Cherreads

Chapter 9 - Chapter Eight: The Judge of Paper and Flesh

The doors of the Sanctum slammed shut behind him.

The Crimson Warden stood at the center of the once-holy hall, now corrupted by red wax seals, parchment charms, and slow-moving shadows that slithered like fog. The city outside groaned, but the real danger was already here — with him.

The Judge of the Hollowed Court stepped forward from behind the throne. Her robes shifted with an unnatural rustle, like a thousand whispers written on dead trees. Her eyes burned red, not with flame — but with conviction.

"You are persistent," she said. "But broken men always are."

"I'm only broken because I remember," the Warden replied.

"Then let's test your memory."

She raised her hand.

Dozens of wax-covered puppets fell from the walls. Their limbs cracked like twigs. Their faces were blank scrolls, but on their chests were ink-written vows — old promises the Warden had once made as protector of Glaivenreach.

"These are your sins," the Judge whispered. "Sworn and shattered."

The Warden didn't flinch.

He raised his cane. It shimmered into a dual-form: half-glaive, half-ribbon-blade. His stance shifted — wide, controlled, waiting.

"Then let them judge me."

The puppets charged.

They didn't scream. They didn't even run. They swarmed — fast and chaotic, limbs twisting unnaturally.
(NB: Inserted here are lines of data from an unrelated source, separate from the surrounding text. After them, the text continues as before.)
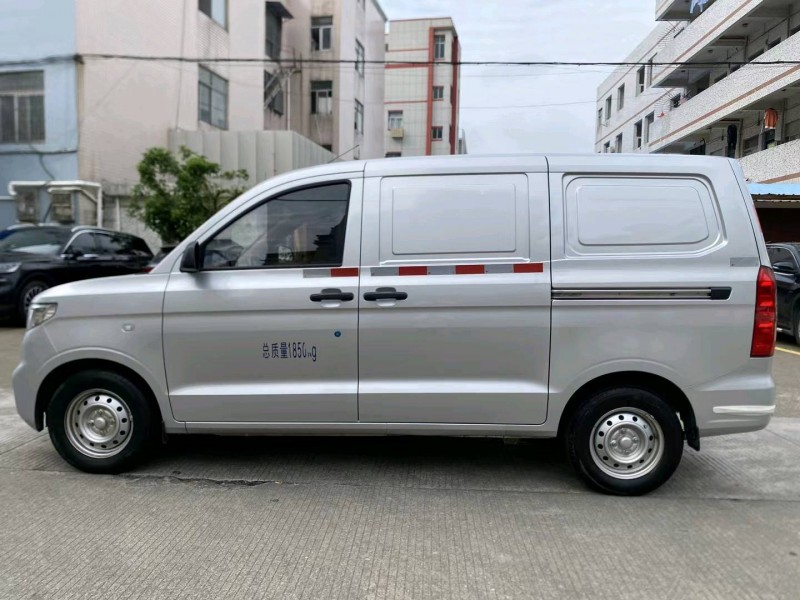 中山22年五菱汽車宏光3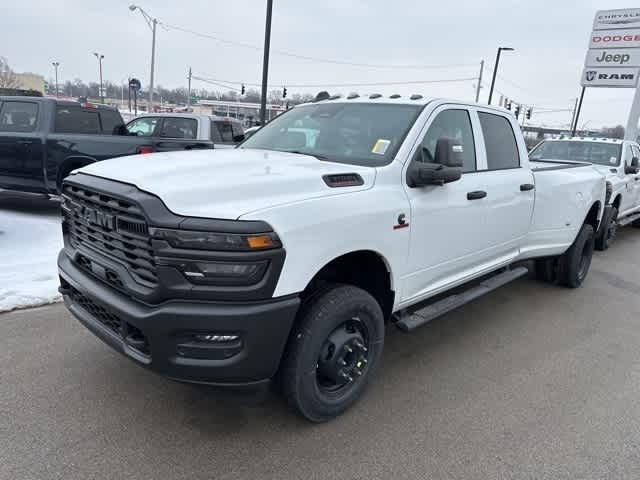 2026 RAM 3500 RAM 3500 TRADESMAN CREW CAB 4X4 8' BOX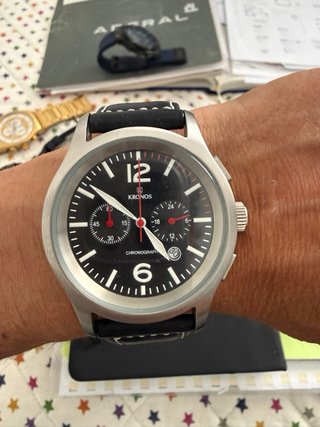 Reloj Kronos Cuarzo Correa Piel Negro
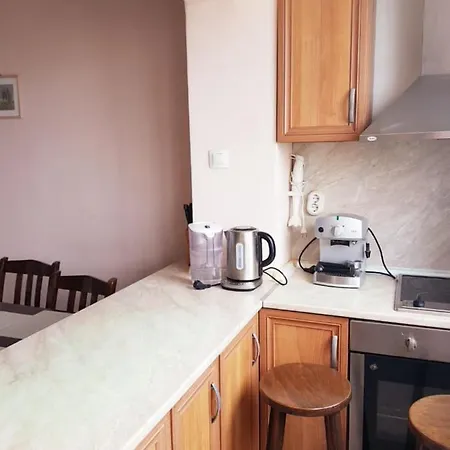 Vazrajdane Bl. 2 Apartment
The Warden moved like wind and shadow. His cane slashed in arcs of gold, violet, green, and blue — all four Echoes burning through the weapon. He cut not just through bodies but through the space between attacks, bypassing angles no human could defend.

He summoned six razorbill spirits. The birds shot through the air, diving into puppets and exploding in crimson flame.

Wax melted.

Ink burned.

Still, they kept coming.

From the balcony, the Judge watched.

"You fight like a man desperate to rewrite the past."

"No," he said, breath steady. "I fight to finish what it broke."

A puppet leapt from behind — this one different.

Its parchment chest bore Alira's name.

The Warden hesitated for one second.

The puppet struck.

It drew blood from his shoulder before he crushed it under a crescent blade swing.

"Good," the Judge whispered. "You can still feel."

She descended the stairs slowly. The air thickened with each step. As she walked, her skin peeled — not in pain, but in transformation.

Parchment gave way to raw, living flesh — muscles laced with text, veins pulsing with ink. Her hands twisted into claws. Her eyes became inkwells, brimming and overflowing.

"This is what the Court makes of truth," she said. "Pain, rewritten. Grief, repeated. Identity, erased and transcribed."

"You call that justice?"

"We call it the end of confusion."

The Warden lunged.

He struck with full power — the cane now wrapped in spiraling glyphs, space warping around it.

She caught the blow.

Bare-handed.

The stone beneath them cracked.

"You want to protect the world," she said. "But all you've ever done is cut it open."

She slammed him into the floor.

Dust exploded.

His mask cracked further. His breath caught in his chest.

Still, he stood.

The Judge summoned memory-spires — spears of solidified vows, forged from old promises he had broken. She launched them like arrows.

He spun, slicing through the air — using his cane to carve gates in space, redirecting some of the attacks, swallowing others. A few grazed him — slicing through coat, through skin.

He bled.

Red against red.

He called the birds again — this time, ten of them.

They circled above, screamed, and dove in coordinated strikes. One of them cut through the Judge's shoulder — ink splashed across the floor.

She hissed.

"You bleed truth," he said.

"So do you."

The battle shook the Sanctum.

And then...

Silence.

Both stood in the center, bleeding. Breathing.

The Warden's coat was torn. His cane was scorched. His chest ached with the weight of all four Echoes burning.

"You think this ends with me?" the Judge rasped.

"No," he said. "You're just the beginning."

"Then tell me, Warden... why crimson?"

He looked at her — eyes cold, firm.

"Because I bled first."

"Because I made the choice no one else would."

"Because when the city fell — I was the one who stood in front of it."

He stepped forward and drove the cane into her chest.

Not through flesh.

Through identity.

The runes along the cane lit up, cutting not just her body — but the sigils that bound her to the Court.

She screamed — her form fracturing into smoke, light, and pages flying in every direction.

"You cannot undo us," her voice echoed. "You can only delay judgment."

"Then I'll hold the door until my last breath," he said.

The Sanctum collapsed.

The citizens outside collapsed with it — not dead, but released.

The red glow in their eyes vanished.

The air cleared.

And for the first time in years...

Glaivenreach was quiet.

The Warden walked through the city, cane at his side.

Children watched from alleys. A woman wept. A man whispered a prayer not to a god — but to him.

He didn't answer.

He simply kept walking.

"Crimson Warden," someone whispered. "The protector returns."

"No," he muttered to himself. "The reckoning begins."